All transport protocols (WebSocket, WebTransport, QUIC, TCP) converge on the edge.Edge abstraction from the webteleport/webteleport package. This unified interface enables protocol-agnostic session management.

Dual Protocol Support

The relay supports both TCP-based (WebSocket) and UDP-based (QUIC/WebTransport) transports, providing flexibility for different network conditions and client capabilities.

Health Monitoring

Each session maintains continuous health monitoring through:

• Periodic ping messages to detect stale connections
• Stream scanning for control commands
• Automatic cleanup on connection failure

Metrics Collection

All HTTP traffic flows through MetricsTransport, which tracks:

• Request/response byte counts
• Request counts
• Response durations
• Status code distributions

For metrics details, see Metrics and Monitoring.

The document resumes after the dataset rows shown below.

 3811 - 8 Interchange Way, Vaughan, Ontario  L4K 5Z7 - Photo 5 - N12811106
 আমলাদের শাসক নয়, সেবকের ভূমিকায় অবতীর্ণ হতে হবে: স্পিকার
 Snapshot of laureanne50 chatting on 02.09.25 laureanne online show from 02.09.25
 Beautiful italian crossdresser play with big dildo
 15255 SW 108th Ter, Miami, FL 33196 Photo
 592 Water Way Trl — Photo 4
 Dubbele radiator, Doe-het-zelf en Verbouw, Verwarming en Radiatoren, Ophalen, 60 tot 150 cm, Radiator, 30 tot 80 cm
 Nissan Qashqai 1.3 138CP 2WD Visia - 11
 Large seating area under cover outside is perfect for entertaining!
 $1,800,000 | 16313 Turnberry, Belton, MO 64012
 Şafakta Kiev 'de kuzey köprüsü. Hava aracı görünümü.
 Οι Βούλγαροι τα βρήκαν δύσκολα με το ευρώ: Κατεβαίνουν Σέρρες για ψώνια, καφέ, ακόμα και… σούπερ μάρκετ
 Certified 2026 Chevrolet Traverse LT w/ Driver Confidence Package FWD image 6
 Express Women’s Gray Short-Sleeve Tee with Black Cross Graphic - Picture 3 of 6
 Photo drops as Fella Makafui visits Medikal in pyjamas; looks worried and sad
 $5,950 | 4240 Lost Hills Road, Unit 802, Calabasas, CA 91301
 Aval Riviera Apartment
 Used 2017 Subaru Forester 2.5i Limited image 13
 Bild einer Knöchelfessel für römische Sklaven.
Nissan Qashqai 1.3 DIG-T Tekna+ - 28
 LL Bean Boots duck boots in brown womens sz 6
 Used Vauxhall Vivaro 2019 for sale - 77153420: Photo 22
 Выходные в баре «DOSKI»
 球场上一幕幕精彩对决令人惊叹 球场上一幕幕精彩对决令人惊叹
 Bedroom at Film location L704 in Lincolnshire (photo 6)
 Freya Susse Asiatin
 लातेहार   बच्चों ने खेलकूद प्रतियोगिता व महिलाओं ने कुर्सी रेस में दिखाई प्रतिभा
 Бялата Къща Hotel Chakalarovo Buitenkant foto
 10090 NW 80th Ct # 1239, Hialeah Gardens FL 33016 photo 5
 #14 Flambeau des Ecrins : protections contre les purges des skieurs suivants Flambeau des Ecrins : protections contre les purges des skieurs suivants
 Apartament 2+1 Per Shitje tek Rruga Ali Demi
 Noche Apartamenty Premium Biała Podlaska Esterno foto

Sources: spec.go1-83 go.mod8-44

---

Request Routing

The relay implements sophisticated request routing through multiple dispatch stages:

1. Protocol Detection: WSServer.Dispatch() or WTServer.Dispatch() determines request type
2. Upgrade Check: WebSocket/WebTransport upgrade requests handled by protocol upgraders
3. Internal Path Check: Requests to /debug/* or /api/* routed to internal handlers
4. Host Lookup: Storage.GetRecord() or Storage.LookupRecord() resolves host to session
5. Proxy Creation: ReverseProxy configured with request rewriting rules
6. Backend Forward: Request sent via http.RoundTripper over tunnel.Session

For detailed routing logic, see Request Flow.

Sources: spec.go25-43

---

Session Identifiers

The relay uses two types of session identifiers:

TCP Port Allocation

For TCP-protocol backends, Store.Allocate() assigns an available TCP port. External clients connect to relay.host:<port> to reach the backend.

HTTP Onion ID

For HTTP-protocol backends, Store.Allocate() derives an onion ID (e.g., abc123.relay.host) based on connection metadata. External clients use HTTP Host headers to route requests.

Alias System

The relay supports user-friendly aliases that map to session keys. The AliasHandler API enables:

• POST /api/aliases - Create alias mappings
• GET /api/aliases - List all aliases
• DELETE /api/aliases/:name - Remove alias

For alias management details, see Alias Management.

Sources: spec.go46-82

---

Security Model

The relay provides:

1. TLS Encryption: All WebTransport and QUIC connections use TLS 1.3
2. Tunnel Security: Backend connections use tunnel.Session from the webteleport package
3. No Direct Exposure: Backend services never listen on public ports; all connections are outbound
4. Session Isolation: Each backend session has isolated routing and cannot access other sessions

The relay itself does not implement authentication; it relies on the security model of the underlying tunnel.Session protocol.

Sources: spec.go1-83 go.mod17

---

This overview provides the foundation for understanding the webteleport/relay architecture. Subsequent sections dive deeper into specific components and their implementations.